The Ugandan government has been dragged to the East African Court of Justice for giving away Bugoma forest reserve to an investor to grow sugarcanes.
In a suit filed before the regional court, the Environment Shield Limited and John Robert Turyakira, a human rights defend say it was illegal for National Environment Management Authority (NEMA) to issue a certificate of approval of the environmental and social impact assessment to Hoima Sugar Limited giving a green light to growing of sugarcanes on 9.24 square miles.
“The project area neighbors Bugoma central forest reserve which was gazette in 1932 , a tropical high forest and home to over 600 chimpanzee and is part of its ecosystem. Sugarcane growing has adverse environmental and climate change impacts including pollution of water bodies, rivers and streams soiling water quality,” the court documents say.

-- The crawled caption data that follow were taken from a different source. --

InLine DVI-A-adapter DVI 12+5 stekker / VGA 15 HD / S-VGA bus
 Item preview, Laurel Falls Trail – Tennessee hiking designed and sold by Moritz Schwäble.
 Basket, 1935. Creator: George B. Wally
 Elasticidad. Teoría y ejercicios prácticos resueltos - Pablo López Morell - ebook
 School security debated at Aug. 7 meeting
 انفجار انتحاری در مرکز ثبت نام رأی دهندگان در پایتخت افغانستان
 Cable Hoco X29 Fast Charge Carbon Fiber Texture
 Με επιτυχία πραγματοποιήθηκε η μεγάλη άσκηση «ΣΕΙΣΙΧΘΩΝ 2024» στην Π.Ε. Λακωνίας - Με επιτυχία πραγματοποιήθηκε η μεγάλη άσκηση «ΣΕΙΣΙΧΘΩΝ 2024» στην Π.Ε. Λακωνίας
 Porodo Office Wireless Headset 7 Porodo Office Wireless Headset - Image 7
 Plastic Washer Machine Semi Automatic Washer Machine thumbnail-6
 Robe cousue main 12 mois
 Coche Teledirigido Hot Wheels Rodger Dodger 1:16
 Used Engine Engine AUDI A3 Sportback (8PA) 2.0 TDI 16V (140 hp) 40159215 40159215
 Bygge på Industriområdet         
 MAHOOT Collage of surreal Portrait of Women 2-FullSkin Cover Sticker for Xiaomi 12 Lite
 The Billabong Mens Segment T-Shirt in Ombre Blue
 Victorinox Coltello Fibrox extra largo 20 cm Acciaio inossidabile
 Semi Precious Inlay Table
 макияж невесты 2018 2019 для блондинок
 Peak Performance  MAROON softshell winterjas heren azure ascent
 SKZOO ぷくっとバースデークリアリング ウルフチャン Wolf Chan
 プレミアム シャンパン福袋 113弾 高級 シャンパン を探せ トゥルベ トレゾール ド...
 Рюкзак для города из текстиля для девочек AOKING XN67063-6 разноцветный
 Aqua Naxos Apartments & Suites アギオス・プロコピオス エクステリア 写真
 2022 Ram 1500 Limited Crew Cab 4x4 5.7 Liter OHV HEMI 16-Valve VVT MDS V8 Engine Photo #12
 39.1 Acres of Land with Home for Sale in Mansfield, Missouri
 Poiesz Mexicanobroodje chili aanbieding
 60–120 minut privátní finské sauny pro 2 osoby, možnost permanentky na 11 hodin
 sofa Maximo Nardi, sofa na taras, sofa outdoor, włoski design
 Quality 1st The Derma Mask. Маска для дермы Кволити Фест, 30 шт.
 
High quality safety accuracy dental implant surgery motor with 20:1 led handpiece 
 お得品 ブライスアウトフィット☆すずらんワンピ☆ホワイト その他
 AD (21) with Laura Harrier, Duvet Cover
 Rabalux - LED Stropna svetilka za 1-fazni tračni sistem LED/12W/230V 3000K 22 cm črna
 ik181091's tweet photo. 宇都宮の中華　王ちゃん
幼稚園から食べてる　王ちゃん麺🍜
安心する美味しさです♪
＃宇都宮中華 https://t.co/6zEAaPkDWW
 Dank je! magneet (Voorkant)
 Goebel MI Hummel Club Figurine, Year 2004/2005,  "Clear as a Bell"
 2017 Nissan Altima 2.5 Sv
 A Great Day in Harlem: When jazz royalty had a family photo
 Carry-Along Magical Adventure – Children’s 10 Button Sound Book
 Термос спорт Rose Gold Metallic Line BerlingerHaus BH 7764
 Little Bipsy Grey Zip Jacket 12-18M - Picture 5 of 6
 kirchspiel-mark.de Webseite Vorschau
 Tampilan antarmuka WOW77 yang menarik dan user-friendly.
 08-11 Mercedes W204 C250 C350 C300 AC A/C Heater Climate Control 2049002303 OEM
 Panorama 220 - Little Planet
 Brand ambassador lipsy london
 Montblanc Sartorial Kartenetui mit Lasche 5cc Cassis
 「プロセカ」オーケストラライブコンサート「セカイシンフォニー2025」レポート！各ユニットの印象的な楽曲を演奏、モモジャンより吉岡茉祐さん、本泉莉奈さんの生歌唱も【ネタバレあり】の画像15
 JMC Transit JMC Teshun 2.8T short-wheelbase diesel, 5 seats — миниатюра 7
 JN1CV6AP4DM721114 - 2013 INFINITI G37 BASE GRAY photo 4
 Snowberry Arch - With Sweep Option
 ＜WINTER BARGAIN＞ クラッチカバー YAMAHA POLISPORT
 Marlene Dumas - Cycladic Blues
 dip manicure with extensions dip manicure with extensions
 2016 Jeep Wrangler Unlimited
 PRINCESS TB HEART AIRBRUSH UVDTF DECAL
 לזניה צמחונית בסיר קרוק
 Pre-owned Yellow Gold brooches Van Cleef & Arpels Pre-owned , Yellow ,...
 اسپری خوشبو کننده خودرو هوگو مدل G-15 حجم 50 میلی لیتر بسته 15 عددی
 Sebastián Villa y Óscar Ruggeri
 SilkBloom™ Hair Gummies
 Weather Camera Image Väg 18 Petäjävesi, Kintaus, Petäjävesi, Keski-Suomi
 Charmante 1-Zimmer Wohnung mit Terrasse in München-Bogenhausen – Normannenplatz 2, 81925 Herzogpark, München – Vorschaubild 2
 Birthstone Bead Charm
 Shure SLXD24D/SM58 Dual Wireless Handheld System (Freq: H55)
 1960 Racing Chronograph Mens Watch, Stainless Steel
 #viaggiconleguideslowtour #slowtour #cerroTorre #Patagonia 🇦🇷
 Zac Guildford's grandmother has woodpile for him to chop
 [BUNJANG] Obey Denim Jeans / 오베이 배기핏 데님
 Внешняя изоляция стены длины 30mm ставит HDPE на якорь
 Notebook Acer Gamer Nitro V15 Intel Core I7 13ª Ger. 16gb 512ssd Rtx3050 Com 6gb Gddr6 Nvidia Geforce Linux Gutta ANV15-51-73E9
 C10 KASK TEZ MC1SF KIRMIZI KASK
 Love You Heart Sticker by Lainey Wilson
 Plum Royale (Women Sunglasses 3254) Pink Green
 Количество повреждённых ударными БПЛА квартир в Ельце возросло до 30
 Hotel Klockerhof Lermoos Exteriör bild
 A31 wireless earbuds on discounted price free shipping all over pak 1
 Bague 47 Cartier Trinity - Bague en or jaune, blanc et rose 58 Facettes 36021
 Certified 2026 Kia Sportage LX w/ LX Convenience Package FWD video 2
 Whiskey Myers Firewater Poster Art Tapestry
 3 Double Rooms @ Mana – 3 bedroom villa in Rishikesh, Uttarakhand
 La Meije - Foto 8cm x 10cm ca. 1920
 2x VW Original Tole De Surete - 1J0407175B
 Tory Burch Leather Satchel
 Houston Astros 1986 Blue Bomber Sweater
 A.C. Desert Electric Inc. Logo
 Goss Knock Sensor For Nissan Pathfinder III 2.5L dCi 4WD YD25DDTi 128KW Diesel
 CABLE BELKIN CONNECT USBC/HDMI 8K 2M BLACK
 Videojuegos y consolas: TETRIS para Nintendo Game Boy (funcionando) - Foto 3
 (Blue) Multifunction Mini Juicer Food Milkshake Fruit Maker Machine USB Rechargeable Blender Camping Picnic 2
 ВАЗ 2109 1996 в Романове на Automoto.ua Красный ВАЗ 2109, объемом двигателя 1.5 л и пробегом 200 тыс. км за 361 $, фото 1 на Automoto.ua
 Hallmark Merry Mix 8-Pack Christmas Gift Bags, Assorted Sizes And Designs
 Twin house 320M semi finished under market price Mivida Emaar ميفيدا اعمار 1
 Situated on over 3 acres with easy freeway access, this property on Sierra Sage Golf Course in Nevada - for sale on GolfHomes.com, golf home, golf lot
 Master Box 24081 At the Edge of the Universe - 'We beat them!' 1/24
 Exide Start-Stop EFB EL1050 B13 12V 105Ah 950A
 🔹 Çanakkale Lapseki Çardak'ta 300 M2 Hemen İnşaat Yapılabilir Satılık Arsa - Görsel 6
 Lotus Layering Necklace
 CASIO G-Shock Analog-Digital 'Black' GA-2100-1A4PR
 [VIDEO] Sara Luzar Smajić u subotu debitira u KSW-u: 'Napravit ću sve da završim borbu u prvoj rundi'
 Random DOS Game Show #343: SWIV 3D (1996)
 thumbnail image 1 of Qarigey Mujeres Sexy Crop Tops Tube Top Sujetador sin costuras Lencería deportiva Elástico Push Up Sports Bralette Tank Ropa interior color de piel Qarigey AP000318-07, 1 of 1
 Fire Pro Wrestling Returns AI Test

The two petitioners say that before the approval of the project, NEMA ignored the climate change impact assessment as necessitated by the dictate of contemporary environment governance pursuant to the Constitution of Uganda.
They also say that NEMA never considered environmental costs connected with the potential deterioration of natural assets but also never carried out consultations within the communities surrounding the forest reserve.
“NEMA made the project approval without transparent, maximum and effective community or public participation or hearings in breach of the foundational principles of good governance, accountability, democracy , rule of law, transparency and universal human rights standards. The approval, therefore, threatens the area’s individuals’, community’s and public’s universal human rights standards.”
The petitioners now want the East African Court of Justice to direct government to cancel the certificate of approval issued to Hoima Sugar for sugarcane growing and related developments.
They also want the regional court to direct government to ensure that prior to any similar project approvals, it conducts climate change impact assessment and human rights impact assessment where the public is consulted.